▸ Record excerpts:

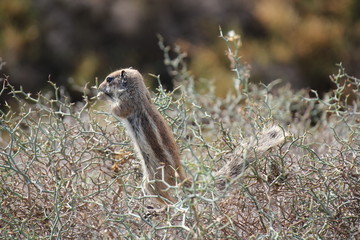 Streifenhörnchen
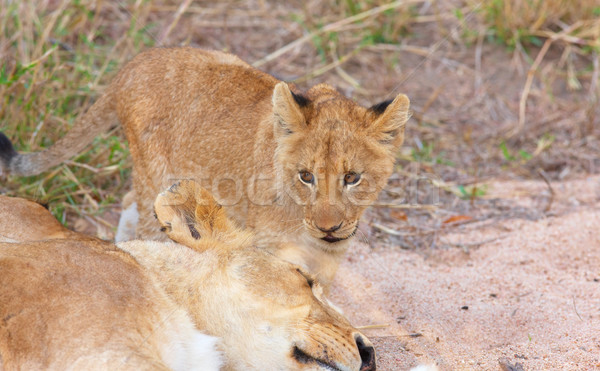 Lion cub (panthera leo) close-up Stock photo © hedrus
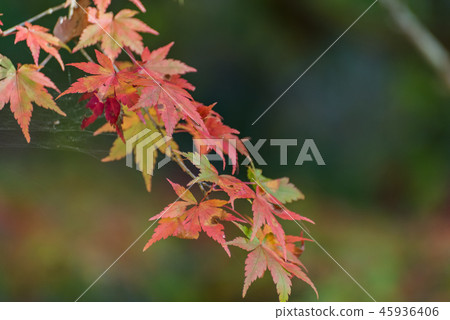Autumn leaves Autumn leaves 45936406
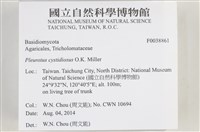 登錄號:F0038861藏品圖，第2張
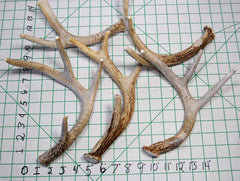 Big Dog Antler Chews: smooth-edged antler safe for chewing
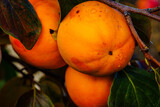 Gardening background. Persimmon Ripe orange fruits and green leaves in autumn garden in rainy day. Kaki plum tree. Japanese persimmon, Diospyros kaki  Lycopersicum fruits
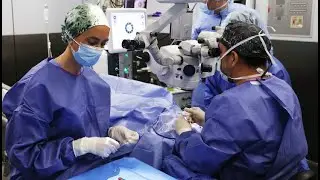 &iquest;C&oacute;mo frenar el avance del glaucoma?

▸ Task details: None of the pictures should be kept; reproduce all the remaining material exactly.

▸ Exercise result:
 Streifenhörnchen
 Lion cub (panthera leo) close-up Stock photo © hedrus
Autumn leaves Autumn leaves 45936406
 登錄號:F0038861藏品圖，第2張
 Big Dog Antler Chews: smooth-edged antler safe for chewing
 Gardening background. Persimmon Ripe orange fruits and green leaves in autumn garden in rainy day. Kaki plum tree. Japanese persimmon, Diospyros kaki  Lycopersicum fruits
 &iquest;C&oacute;mo frenar el avance del glaucoma?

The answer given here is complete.